The history of smoking dates back to 5000BC were it was mostly a preserve of shamans in spiritual activities. Even then the kind of smoking avaliable was marijuana or cannibis smoking.
Cannibis first arrived on the scene or was at least better widely used than tobacco.
Tobacco as we know it only arrived in America in the 1600s. Amongst the Indian communities in America tobacco was actually used in treating different ailments
including headaches and tooth aches.
It was first accepted as a medical aid before becoming a widespread commercially produced end to temporary pleasure.
Jean Nicot from whose name came nicotine brought tobacco to France in 1560.
It then spread from France to England and much of Europe. From Europe, tobacco seeds found their way to Brazil.
Even before smoking tobacco arrived in France it hard already arrived on the continent of Africa a few years earlier in 1650.
Modern smoking became part of smoking history in the 1900s. As part of the Marshall Plan the United States illegally smuggled tobacco and cigarettes to Nazi Germany in the 1920s.
It is during the history of smoking in the 1900s that smoking dangers became more and more apparent as people started dying from smoking related lung cancer. In Germany in the 1920s the first ever anti-smoking campaigns began even though they were fiercely opposed in some sections.
Second World War saw the intensification of the use of tobacco and cigarettes in cinema.
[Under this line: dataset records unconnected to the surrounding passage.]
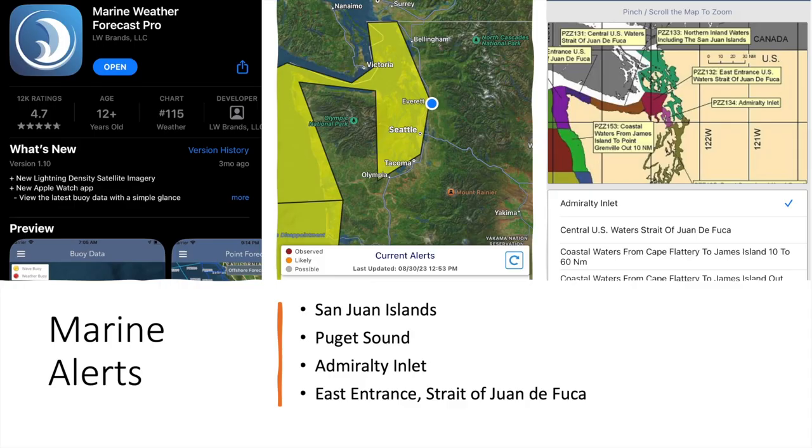Marine Weather Forecast Pro is five bucks a year — very inexpensive — and it gives me small craft advisory alerts on my phone, as well as the marine weather forecast. A small craft advisory is called when wind speeds are sustained between 20 and 33 knots, and a gale warning is 34 to 47 knots. There's technically no official definition of a small craft — they leave it entirely up to you to decide if your boat qualifies.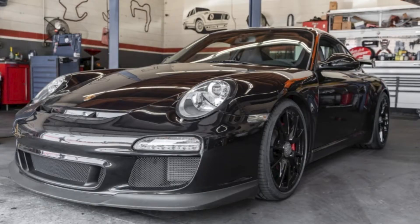A basalt black, 11,000-mile 2010 911 GT3 sold for $170,000. Sticker on the car was $118,000. This car was, you guessed it, well sold.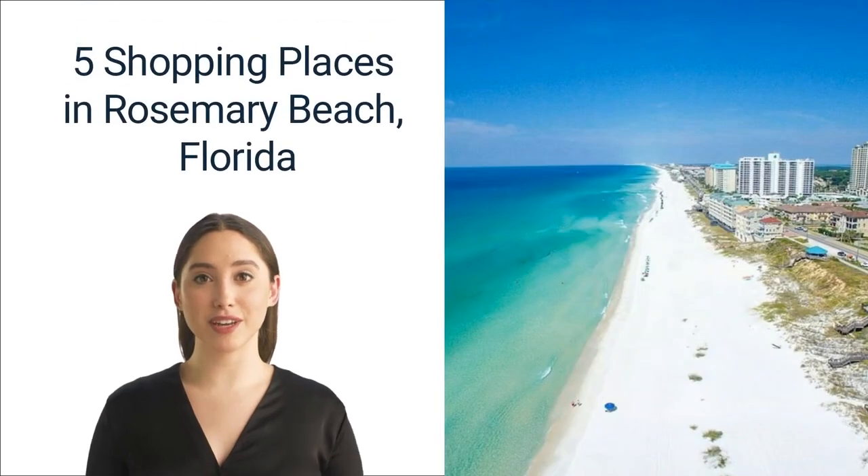Hi, thank you for watching our video on the five shopping places in Rosemary Beach, Florida. The entire team at Beach Luxury Vacations would like to thank you for watching. Beach Luxury Vacations is a top-rated vacation rental provider on the Emerald Coast — why not explore our affordable yet luxury vacation rentals on 30A, Miramar Beach, or Destin? Do share and like this video; it really motivates us to do more similar videos.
This was so for many years to come as cigarettes dominated hollyhood and were associated with sexism, macho and fashion. Even today there is an entire actor smoking list as appearing in cinema and movies.
Tobacco companies maximised their enrods into a generation hungry for a new identity. However, overally from 1965 to 2006 smoking declined from about 42% to 20%. The same can not be said about the cost of smoking healthcare wise.
As more people fell ill from smoking diseases, the health bill continued to balloon. Perhaps the turning point in smoking history was the admitting by tobacco companies of the existance of over 4000 compounds and over 500 additives in cigarrettes.
This raised public eyebrows to the real dangers of smoking hidden for generations.